Don’t Look Behind You Or You’ll See The Rat Man

…you looked, didn’t you?

The Doclopedia #257

Altered (United) States: New Jersey “Bedeviled”

Shortly after the first white settlers set foot in New Jersey, a terrible creature came out of the forest and killed a few of them. Thus was the legend of the Jersey Devil born. Except, of course, that it wasn’t a legend and there are several different creatures called Jersey Devils running around the state killing, maiming and scaring the shit out of people.

The creature most often seen in the Pine Barrens area is a winged humanoid with a rather goatlike face and cloven hooves. It does not usually kill people, but will scratch and bite them. It has also been known to carry people weighing up to 175 pounds into the air before dropping them a mile or so away.

Up in the mountainous northwest of the state, the local Devils look like very hairy humans with overly long legs and arms, glowing green eyes and extra wide mouths full of sharp teeth. They kill six or seven people a year, often eating part of them.

In the heavily populated urban areas of the northeast, pale skinned underground dwelling devils sometimes come to the surface and attack humans with weapons carved from bones.

One form of Devil found in the far south end of New Jersey looks like a cross between a horse and a large dog. It seems to have a high intelligence as well as being the most bloodthirsty of all Devils. One of these creatures was responsible for the Cape May Slumber Party Massacre of 1987, in which 11 girls and 4 boys were killed and ripped apart.
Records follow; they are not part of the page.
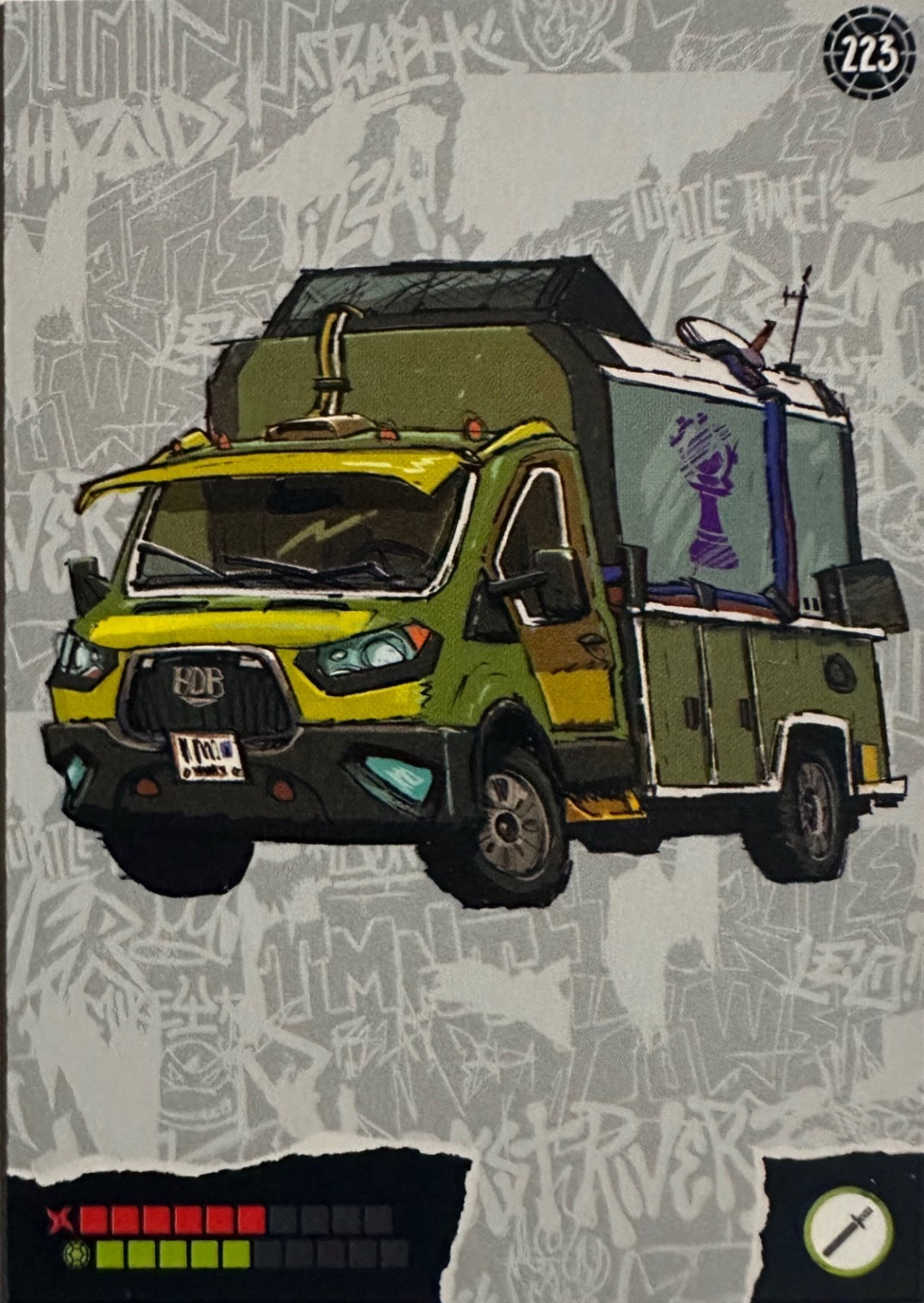 Turtles Panini Trading Card - Card a scelta 1-225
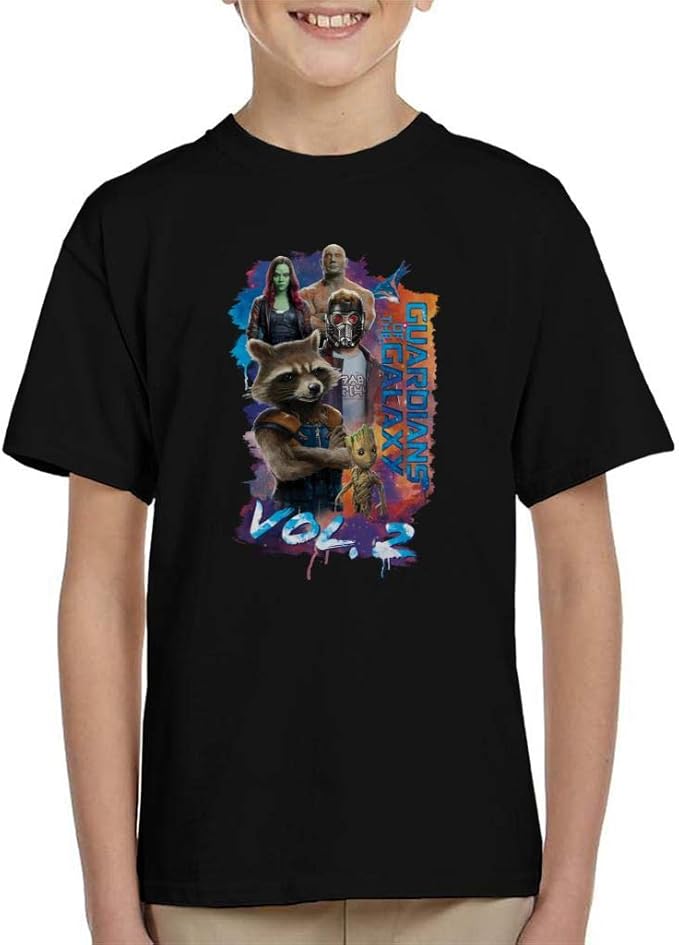 Marvel Guardians of The Galaxy Vol 2 Galactic Character Montage Kid s T-Shirt 160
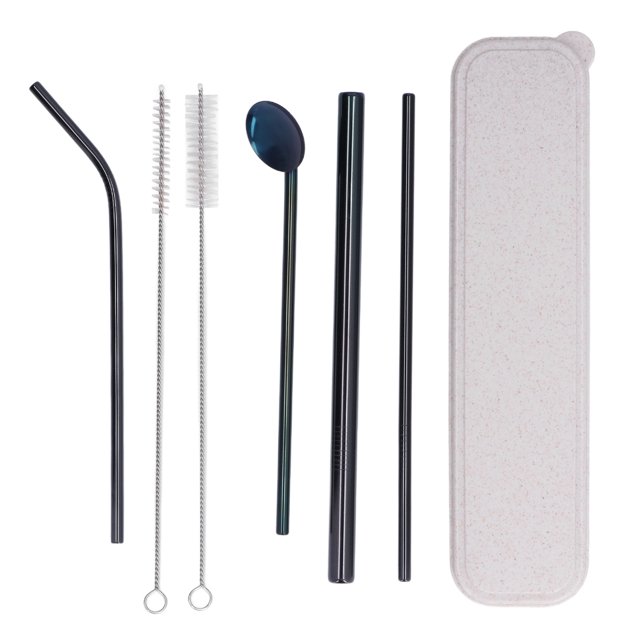 Pajitas para beber, pajitas portátiles de acero inoxidable 304, pajitas reutilizables de acero inoxidable reutilizables, calidad en la que puede confiar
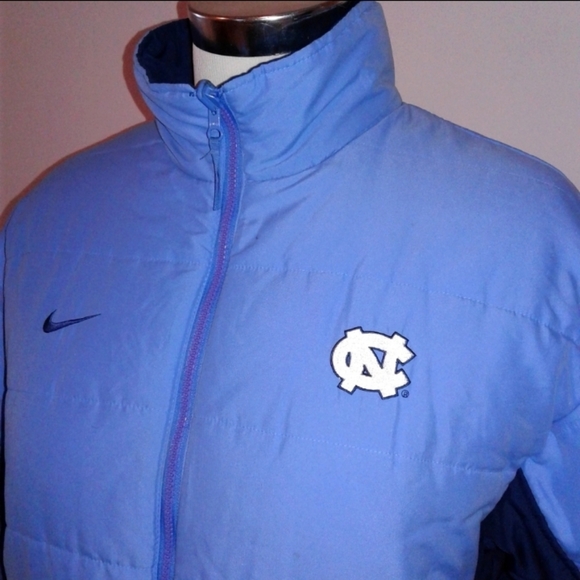 Vintage Nike Team Jordan NCAA UNC North Carolina Tar Heels reversible Jacket L - Picture 2 of 8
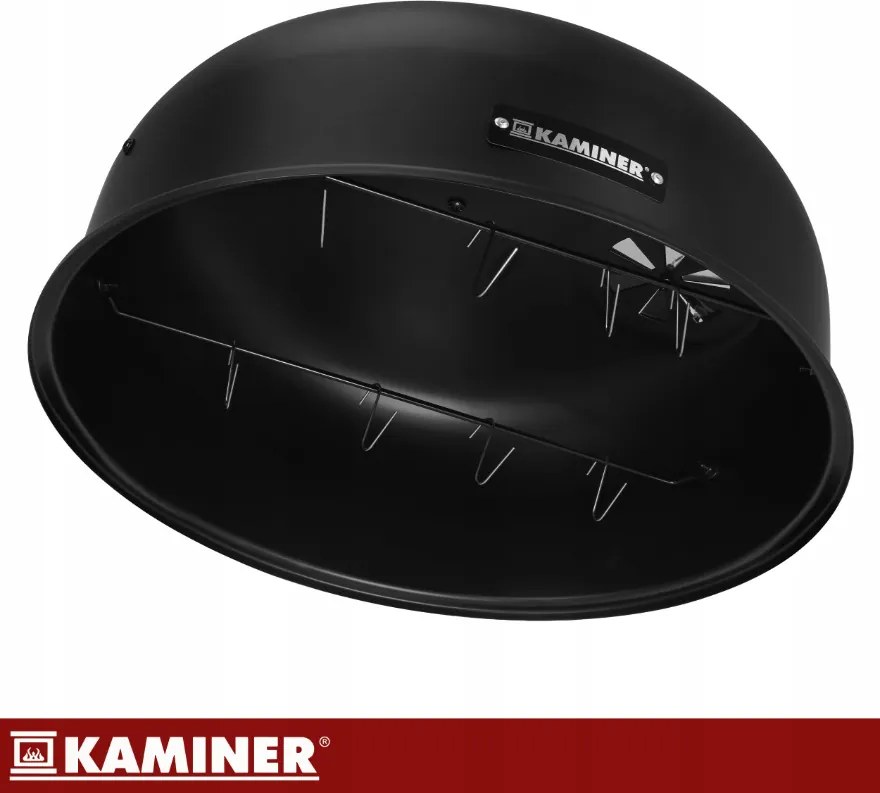 Градинска скара на дървени въглища с пушилня 3 в 1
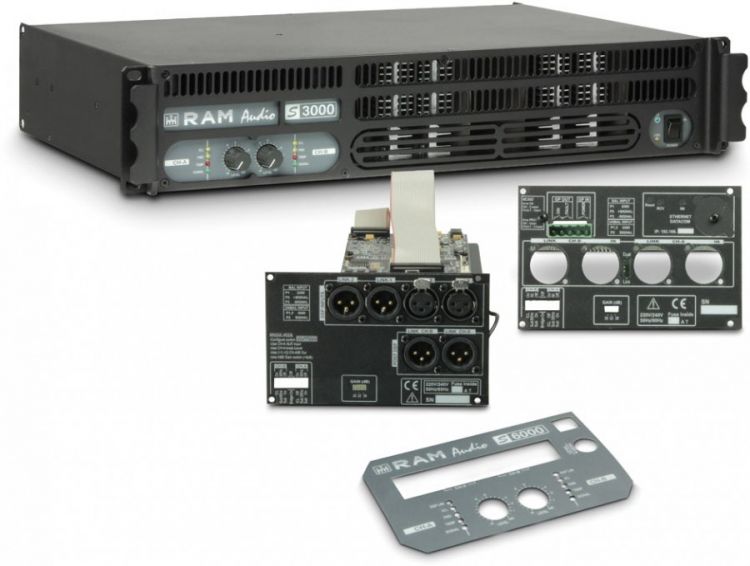 Ram Audio S3000DSPGPIO PA Endstufe 2x1570W 2Ohm inkl. DSP- und GPIO-Modul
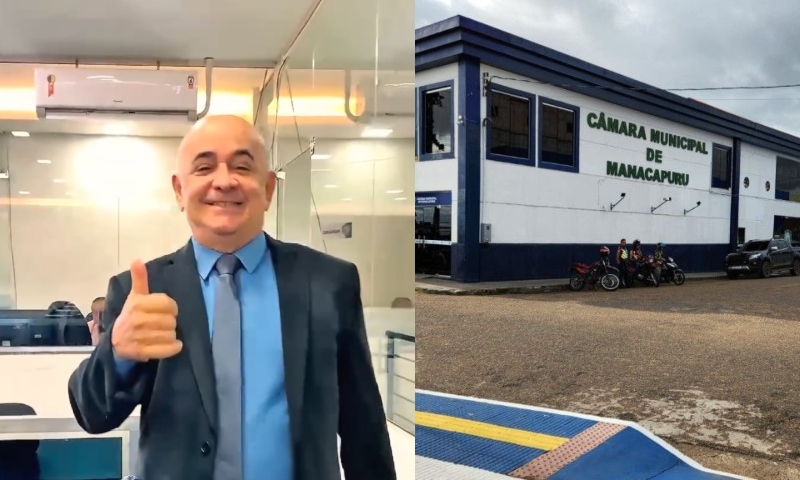 Mesmo condenado, Gerson D’Ângelo permaneceu como vereador em Manacapuru e hoje ocupa nova cadeira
Over the centuries, dozens of efforts have been mounted to find and eradicate the various Jersey Devils. Many hundreds of both Devils and hunters have been killed, but even though attacks sometimes stop for as long as 20 years, they always resume. For that reason, there are several areas of New Jersey that humans are forbidden to enter.

One final note on the Jersey Devils: A rumor persists that on a summer night in 1928, creatures from another world landed near Grover’s Mill, New Jersey and began attacking local homes. It is said that Jersey Devils by the dozens appeared and, according to one eyewitness “tore them creatures to bits, then carried off that big old pie plate looking ship”. The US military arrived shortly afterwards and by morning, the survivors of the attack went on record as blaming all the destruction on the Devils. All evidence of the attack was cleaned up and taken back to Washington.

Oddly, nobody involved in the attack ever said a disparaging word about the Devils after that and to this day there has not been a Devil attack within 3 miles of Grover’s Mill.

It is believed that Orson Welles based his 1938 radio version of “War of the Worlds” in part on the Grover’s Mill incident.